▶ [What needs to be done] Copy out exactly, from the entries that follow, the line holding "2015 Toyota Sienna", the line holding "Group of Chartreuse Bomb Ass Gurglers", and all lines between them, but no pictures.

▶ [Available data]
▬▬▬

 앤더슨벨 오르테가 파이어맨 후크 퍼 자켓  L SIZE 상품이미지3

▬▬▬

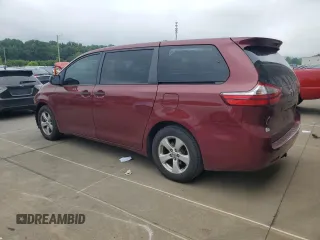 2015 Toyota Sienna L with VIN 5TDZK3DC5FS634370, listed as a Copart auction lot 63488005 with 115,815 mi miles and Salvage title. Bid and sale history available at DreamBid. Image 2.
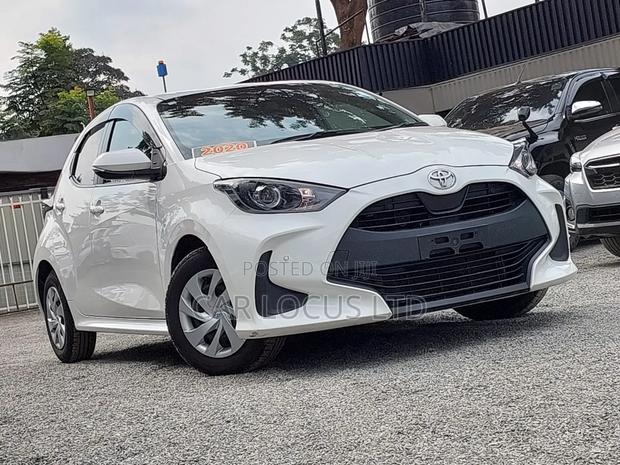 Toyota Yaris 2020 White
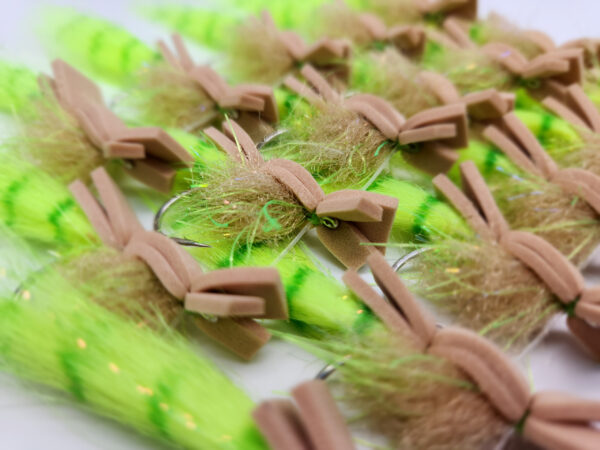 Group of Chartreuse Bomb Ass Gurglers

▬▬▬

▶ [Task response]
 2015 Toyota Sienna L with VIN 5TDZK3DC5FS634370, listed as a Copart auction lot 63488005 with 115,815 mi miles and Salvage title. Bid and sale history available at DreamBid. Image 2.
 Toyota Yaris 2020 White
 Group of Chartreuse Bomb Ass Gurglers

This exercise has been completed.